Royal Moroccan Air Force F-16
A Royal Moroccan Air Force F-16 prepares to receive fuel from a KC-135 Stratotanker during exercise African Lion in 2018. Photo: US Air Force

The US State Department has approved a possible foreign military sale of Harpoon Block II air launched missiles for the Royal Moroccan Armed Forces’ F-16 multi-role fighter jets.

The potential sale is worth an estimated $62 million and would see Morocco receive 10 Harpoon anti-ship missiles, in addition to containers, spare and repair parts, personnel training and training equipment.

Morocco’s request for the Boeing-built Harpoon missile purchase comes after the country was cleared to buy an additional 25 F-16C/D Block 72 fighters in March 2019.

The $4.8 billion deal also included upgrades to the 23 F‑16s already in service with the Royal Moroccan Air Forces to the more advanced F‑16V Block 52+ configuration.

Morocco ordered its first F-16 aircraft in 2009 as a replacement for the F-5E/F fleet.

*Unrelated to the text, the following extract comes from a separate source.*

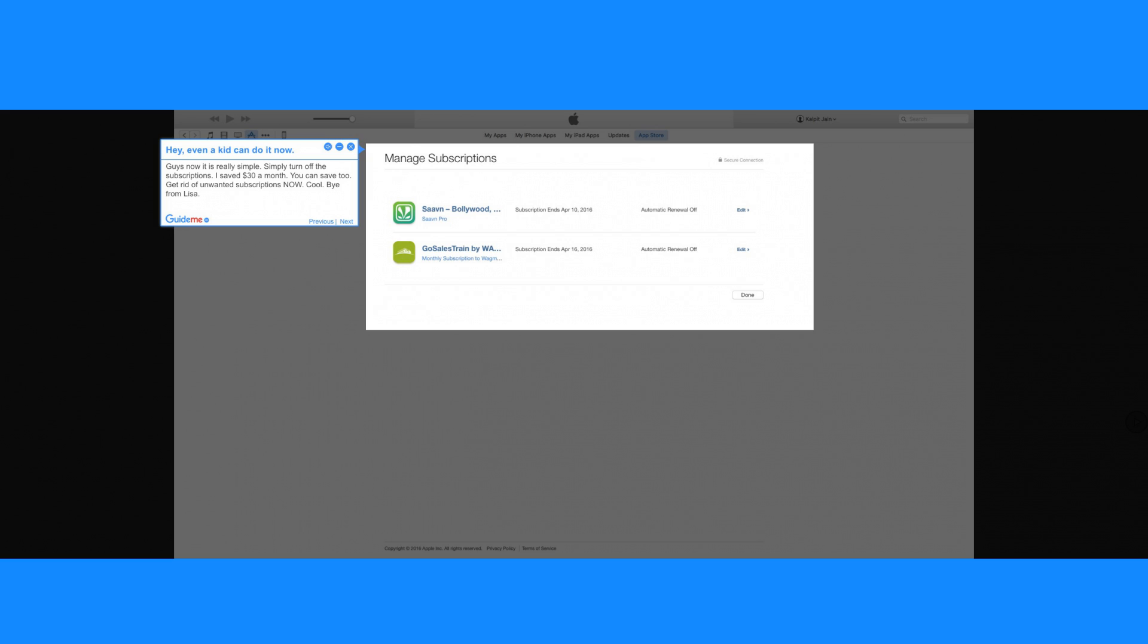Step 3. Hey, even a kid can do it now. Guys, now it is really simple. Simply turn off the subscriptions.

More recently, Morocco was cleared by the state department to buy 36 Boeing-built AH-64E Apache attack helicopters. Approved in November 2019, the deal is worth an estimated $4.25 billion and includes AGM-114R Hellfire missiles, advanced precision kill weapon system kits, AAR-57 common missile warning systems, and AIM-92H Stinger missiles.